Is it that students now come to college less studious and well prepared and therefore must be remediated intensively so as to graduate with properly elevated skills and college-level knowledge?

Or is it that the world of learning has expanded so rapidly that more academic material must be packed into denser curricula, or that success in post-collegiate life now demands comprehension of more data and disciplines?

Perhaps, more generally, it’s that we now recognize that college has a broader mission to effect in the lives of students than we have formerly assumed. Once there were just two defined categories of collegiate activities: the curricular and the extracurricular. There were academic programs and there were recreational programs in athletics, arts, and leisure pursuits.

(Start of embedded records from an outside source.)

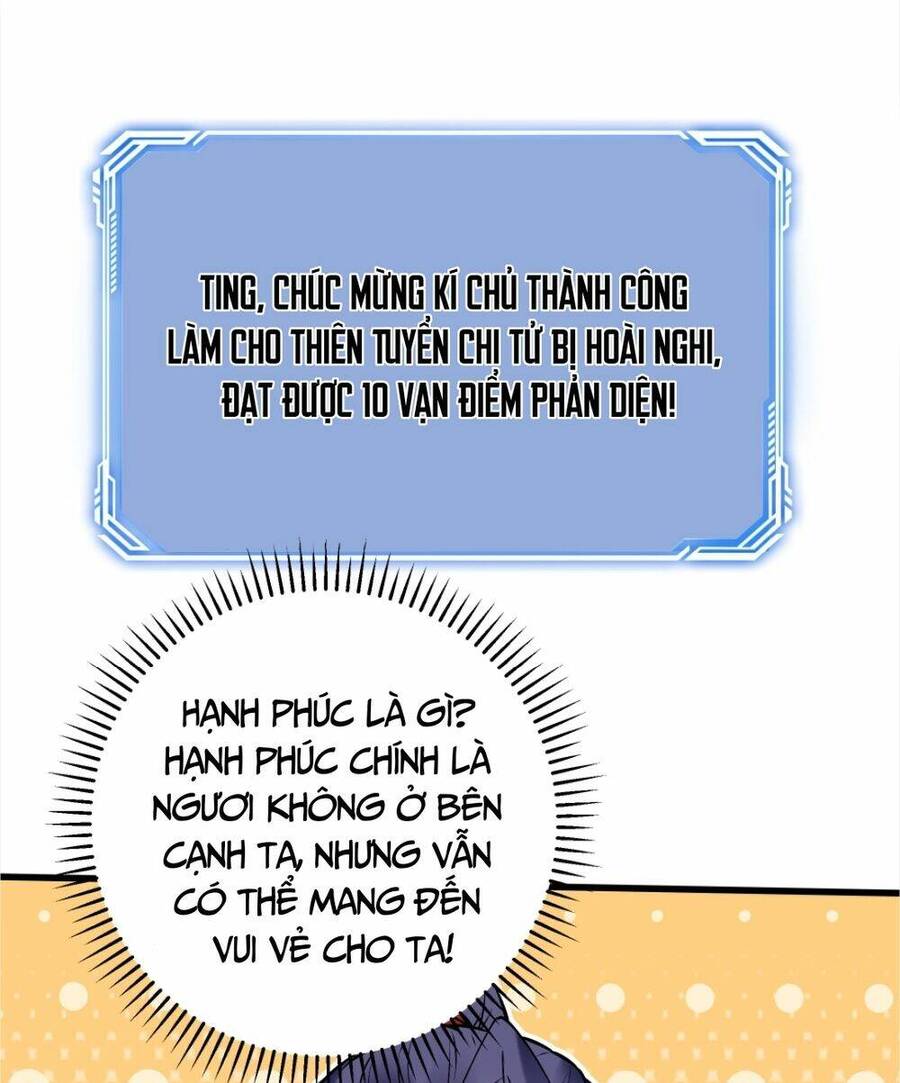 Nhân Vật Phản Diện Này Có Chút Lương Tâm, Nhưng Không Nhiều! Chapter 175 - Trang 2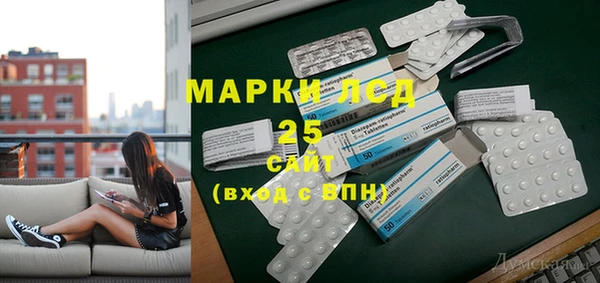 а пвп мука Мегион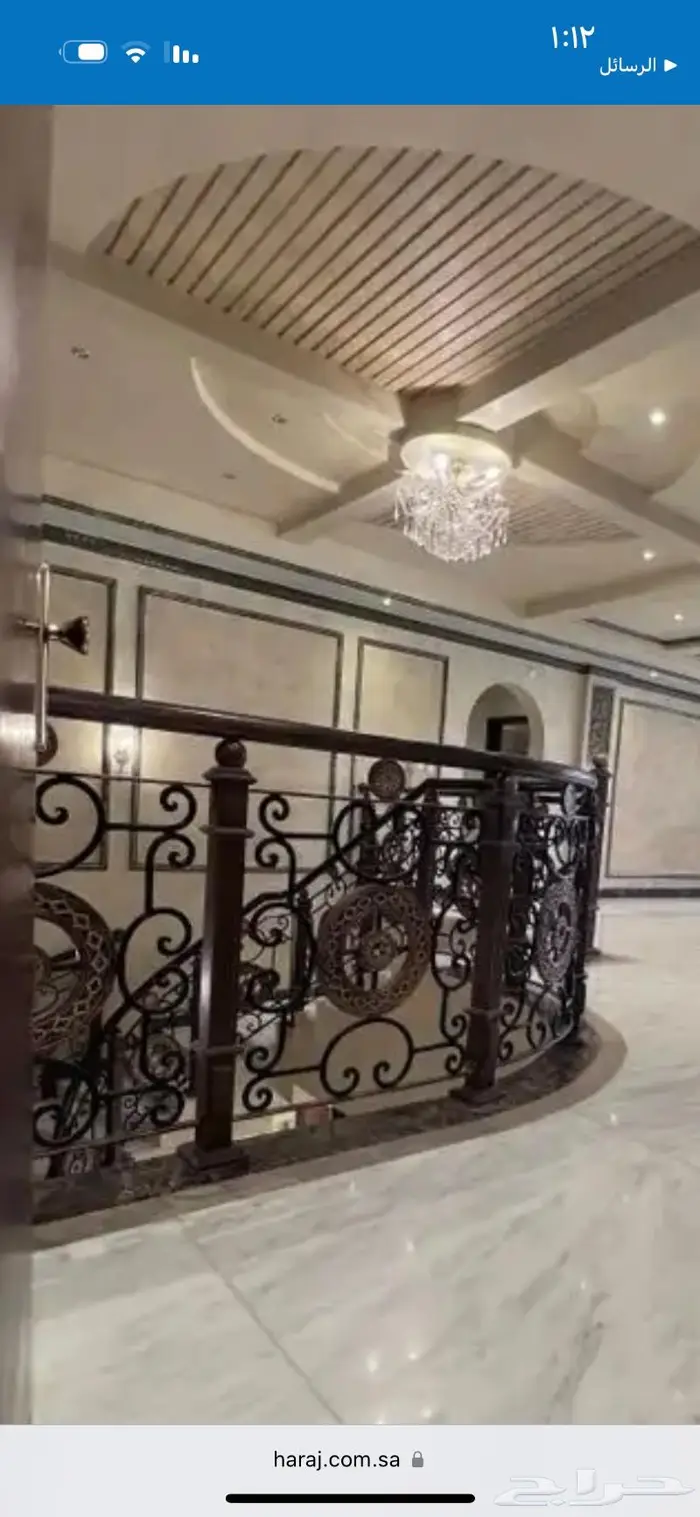 حدادالمدينة حدادة ابواب شبابيك 55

Nowadays, a third activity category has developed: the “co-curricular,” which intends generally to address the development of students’ moral and civic character, preparing them to be “responsible leaders” and “global citizens,” particularly through engagement in “service learning” programs and volunteer involvements in off-campus communities and causes.

In this regard, Rollins has recently garnered an award for being a top “engaged college.”

But is there even more neediness in our students still to be addressed, and properly the mission of higher education?

What comes most immediately to my mind is the idea of wisdom, defined (by philosopher Nicholas Maxwell) as “the realization of what is of value, to ourselves and others.”

It may even be said that the highest aim of life and higher education is the attainment of wisdom. In fact, a recent distinguished visiting scholar at Rollins, Copthorne Macdonald, claimed just that in his lecture to the college.

Even though old age is no guarantee of growing wise, our inquiry into what is truly valuable ought to begin in college, if not sooner, for it is the growing need of all of us in this increasingly perilous world to wise up.